CHARLOTTE — A woman facing thousands in fines from her Homeowners Association (HOA) sued the board and has been winning.
Sherry Loeffler’s windows are white. Her neighbors’ windows are beige. But it’s not about the color. Both sides say the HOA plans to paint them. It’s about the number of windows.
Loeffler put in four windows. Her neighbors have eight windows. Her HOA wanted her to have eight too, so they match.
She submitted a plan and the HOA said no. The board says it told her she needed eight windows.
Loeffler submitted another plan that clearly says four windows. Her board sent her a letter, saying “approved.”
It’s not clear why, but it wanted her to change them.
“So I’m like, ‘OK, you guys approved the windows. If you want to switch them, I am happy to do that, but then you guys need to pay for it,’” she said.
Loeffler says the board refused. The HOA says, no, it made offers she rejected.
“It’s been very stressful because this is my home,” Loeffler said.
Then the fines started — $100 per day for months — until her bill was over $12,000. She didn’t pay the fines and the board put a lien on her home, which included a threat to foreclose.
“I couldn’t sell my house. I couldn’t refinance,” she said. “It went from like a great place to not such a great place because I’m fighting this battle.”
So Loeffler sued her HOA. She won at arbitration and then in court. No more lien, no more fines. The windows can stay. Plus, the HOA has to pay her more than $12,000 in attorney fees.
But the case isn’t over. The board plans to appeal. Loeffler is suing the HOA over another issue -- water damage -- that’s part of same lawsuit.
The board’s lawyer emailed Action 9′s Jason Stoogenke:
“HOAs often get a bad rap and appear to be evil entities.

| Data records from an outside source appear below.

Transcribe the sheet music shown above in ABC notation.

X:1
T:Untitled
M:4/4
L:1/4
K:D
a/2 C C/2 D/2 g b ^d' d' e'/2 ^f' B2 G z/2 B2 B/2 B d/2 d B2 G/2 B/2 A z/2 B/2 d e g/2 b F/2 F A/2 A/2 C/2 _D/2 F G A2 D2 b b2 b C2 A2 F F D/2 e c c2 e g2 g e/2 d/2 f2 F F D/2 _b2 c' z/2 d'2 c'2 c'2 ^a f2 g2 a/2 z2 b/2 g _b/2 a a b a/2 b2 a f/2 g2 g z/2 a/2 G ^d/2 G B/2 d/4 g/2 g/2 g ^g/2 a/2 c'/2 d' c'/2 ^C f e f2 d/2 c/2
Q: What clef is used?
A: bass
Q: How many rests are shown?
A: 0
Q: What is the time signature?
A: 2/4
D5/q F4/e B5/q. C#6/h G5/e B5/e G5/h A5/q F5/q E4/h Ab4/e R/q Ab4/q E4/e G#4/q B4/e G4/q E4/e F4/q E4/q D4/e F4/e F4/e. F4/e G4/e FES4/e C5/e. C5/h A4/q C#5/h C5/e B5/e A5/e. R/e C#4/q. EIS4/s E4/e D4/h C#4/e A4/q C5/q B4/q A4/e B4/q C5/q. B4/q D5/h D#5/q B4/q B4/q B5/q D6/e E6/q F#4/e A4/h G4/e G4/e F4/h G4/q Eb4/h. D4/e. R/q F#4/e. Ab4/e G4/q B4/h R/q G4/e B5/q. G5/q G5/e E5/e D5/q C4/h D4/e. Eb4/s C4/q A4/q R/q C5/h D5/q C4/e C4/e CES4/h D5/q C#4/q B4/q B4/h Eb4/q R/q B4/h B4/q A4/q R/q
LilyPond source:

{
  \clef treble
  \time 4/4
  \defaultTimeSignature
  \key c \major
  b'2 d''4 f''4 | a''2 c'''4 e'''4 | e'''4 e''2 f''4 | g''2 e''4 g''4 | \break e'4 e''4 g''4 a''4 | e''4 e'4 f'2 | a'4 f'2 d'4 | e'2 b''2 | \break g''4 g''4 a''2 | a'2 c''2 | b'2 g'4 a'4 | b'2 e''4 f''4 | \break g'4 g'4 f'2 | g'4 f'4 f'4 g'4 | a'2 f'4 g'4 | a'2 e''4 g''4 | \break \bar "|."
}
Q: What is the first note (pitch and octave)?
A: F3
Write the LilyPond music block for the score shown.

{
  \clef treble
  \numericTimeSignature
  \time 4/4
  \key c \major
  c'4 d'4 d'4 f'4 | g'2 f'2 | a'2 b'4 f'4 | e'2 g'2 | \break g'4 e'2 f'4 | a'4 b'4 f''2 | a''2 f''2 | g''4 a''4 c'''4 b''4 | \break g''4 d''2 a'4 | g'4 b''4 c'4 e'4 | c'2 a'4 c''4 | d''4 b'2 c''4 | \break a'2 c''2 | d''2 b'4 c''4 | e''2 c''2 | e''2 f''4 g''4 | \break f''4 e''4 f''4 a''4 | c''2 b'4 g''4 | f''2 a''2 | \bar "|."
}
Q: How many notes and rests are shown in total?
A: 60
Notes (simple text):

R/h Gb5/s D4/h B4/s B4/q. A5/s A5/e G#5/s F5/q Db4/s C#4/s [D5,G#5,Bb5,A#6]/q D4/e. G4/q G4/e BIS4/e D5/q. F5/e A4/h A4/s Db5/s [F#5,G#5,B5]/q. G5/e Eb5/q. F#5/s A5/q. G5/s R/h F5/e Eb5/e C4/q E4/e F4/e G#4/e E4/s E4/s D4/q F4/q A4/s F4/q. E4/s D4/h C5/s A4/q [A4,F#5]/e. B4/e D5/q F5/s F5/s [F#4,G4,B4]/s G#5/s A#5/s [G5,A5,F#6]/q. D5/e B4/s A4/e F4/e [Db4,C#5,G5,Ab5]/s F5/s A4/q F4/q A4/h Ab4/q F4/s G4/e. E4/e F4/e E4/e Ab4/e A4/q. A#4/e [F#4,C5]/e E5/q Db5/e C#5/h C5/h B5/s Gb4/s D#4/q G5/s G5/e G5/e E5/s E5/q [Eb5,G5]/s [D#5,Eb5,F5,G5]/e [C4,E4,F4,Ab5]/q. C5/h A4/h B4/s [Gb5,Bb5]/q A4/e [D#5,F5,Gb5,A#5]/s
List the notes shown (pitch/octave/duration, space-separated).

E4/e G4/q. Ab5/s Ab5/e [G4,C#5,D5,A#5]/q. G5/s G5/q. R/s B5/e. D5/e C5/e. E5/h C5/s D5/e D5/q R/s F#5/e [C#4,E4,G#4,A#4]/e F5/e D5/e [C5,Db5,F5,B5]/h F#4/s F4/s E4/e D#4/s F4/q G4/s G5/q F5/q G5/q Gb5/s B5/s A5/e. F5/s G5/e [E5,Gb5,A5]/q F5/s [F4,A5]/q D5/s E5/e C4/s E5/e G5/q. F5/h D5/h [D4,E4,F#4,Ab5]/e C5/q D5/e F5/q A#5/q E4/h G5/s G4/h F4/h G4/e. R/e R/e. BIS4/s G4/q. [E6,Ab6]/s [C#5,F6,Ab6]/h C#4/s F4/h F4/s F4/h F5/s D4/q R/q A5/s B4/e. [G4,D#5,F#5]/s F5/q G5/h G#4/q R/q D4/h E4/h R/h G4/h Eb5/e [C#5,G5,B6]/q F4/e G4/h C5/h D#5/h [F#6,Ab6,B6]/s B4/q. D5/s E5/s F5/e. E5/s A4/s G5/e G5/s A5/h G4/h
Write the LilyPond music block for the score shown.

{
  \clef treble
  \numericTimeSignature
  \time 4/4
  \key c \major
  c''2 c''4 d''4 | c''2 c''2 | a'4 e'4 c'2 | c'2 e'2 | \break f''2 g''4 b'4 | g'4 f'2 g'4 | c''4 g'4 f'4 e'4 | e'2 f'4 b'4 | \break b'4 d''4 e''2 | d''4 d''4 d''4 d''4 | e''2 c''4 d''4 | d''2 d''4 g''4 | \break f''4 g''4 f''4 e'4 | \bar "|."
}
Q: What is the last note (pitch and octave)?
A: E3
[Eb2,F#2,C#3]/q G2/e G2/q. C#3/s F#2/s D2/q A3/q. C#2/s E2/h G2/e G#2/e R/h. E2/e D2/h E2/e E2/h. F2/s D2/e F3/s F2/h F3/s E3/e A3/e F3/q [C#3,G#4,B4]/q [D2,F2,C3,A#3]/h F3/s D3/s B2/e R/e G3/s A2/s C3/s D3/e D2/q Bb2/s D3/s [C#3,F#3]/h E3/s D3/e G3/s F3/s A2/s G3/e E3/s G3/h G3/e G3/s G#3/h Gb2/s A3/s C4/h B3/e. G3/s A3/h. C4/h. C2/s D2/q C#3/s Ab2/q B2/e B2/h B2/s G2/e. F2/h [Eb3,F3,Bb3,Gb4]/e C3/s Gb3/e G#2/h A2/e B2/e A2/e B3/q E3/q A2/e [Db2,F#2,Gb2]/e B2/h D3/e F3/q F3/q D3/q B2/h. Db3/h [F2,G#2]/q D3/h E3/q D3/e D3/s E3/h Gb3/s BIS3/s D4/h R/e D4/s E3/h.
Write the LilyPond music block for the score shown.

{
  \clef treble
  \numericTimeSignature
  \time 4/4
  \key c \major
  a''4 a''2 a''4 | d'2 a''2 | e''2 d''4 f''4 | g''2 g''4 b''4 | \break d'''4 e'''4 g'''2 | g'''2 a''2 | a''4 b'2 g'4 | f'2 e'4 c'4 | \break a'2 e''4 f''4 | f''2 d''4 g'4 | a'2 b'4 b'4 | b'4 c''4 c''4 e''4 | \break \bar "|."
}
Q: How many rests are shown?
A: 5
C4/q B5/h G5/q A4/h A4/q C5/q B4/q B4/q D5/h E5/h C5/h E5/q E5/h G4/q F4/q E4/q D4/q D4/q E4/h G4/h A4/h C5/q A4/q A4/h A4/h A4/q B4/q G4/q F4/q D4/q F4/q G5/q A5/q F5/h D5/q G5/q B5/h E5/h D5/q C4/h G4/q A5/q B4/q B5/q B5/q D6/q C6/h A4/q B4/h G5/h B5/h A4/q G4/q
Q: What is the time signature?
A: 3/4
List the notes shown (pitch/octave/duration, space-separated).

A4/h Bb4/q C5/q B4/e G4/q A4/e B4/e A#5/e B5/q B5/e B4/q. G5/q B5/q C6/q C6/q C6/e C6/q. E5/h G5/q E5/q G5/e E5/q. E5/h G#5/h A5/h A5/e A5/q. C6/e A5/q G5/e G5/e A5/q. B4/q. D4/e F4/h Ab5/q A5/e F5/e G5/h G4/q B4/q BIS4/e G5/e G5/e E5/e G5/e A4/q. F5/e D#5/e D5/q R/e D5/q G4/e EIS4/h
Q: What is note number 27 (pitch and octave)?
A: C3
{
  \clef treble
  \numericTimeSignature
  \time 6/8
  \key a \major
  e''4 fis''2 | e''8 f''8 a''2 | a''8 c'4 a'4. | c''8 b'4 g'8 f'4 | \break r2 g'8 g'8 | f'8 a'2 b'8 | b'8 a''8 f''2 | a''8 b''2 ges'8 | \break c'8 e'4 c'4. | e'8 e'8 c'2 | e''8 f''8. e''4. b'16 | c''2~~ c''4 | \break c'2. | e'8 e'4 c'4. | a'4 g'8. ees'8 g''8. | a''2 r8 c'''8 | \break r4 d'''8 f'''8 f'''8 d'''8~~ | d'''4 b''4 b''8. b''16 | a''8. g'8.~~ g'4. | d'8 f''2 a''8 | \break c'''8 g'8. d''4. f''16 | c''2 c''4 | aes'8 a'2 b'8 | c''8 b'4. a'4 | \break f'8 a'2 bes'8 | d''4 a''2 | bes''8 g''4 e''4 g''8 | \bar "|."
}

As a firm that represents hundreds of HOAs, I can tell you for the most part they just handle business and go about their days. The Yachtsman community is one of those HOAs. If you search the public record you won’t see a high number of liens or attempts to foreclose on homeowners. There are a few communities that can be somewhat aggressive in collections and attempting to foreclose on homeowners but most are not, and the record for the Yatchsman community shows that is not a part of their history. This matter really did just start from a miscommunication and circumstances that went further than what I am sure neither side intended. This is not a case of the ‘evil HOA’ trampling on its owners. The Plaintiff is aware of this as it was provided through discovery, a few of the neighbors in her building also requested to change their windows and the HOA denied these requests in an attempt to keep them uniform. Hers were approved believing she was installing the same windows. However, because litigation is still pending, we will have to reserve detailed comments until the case is finally decided by a Court of law.”
Advice for both homeowners and HOAs when it comes to plans for changes on homes:
- Make sure the proposals are as specific as possible so there’s no misunderstanding.
- A lot of times, not necessarily in Loeffler’s case, both sides will go back and forth on a plan until they agree on something. They should make sure they have one document at the end that spells out the final plan.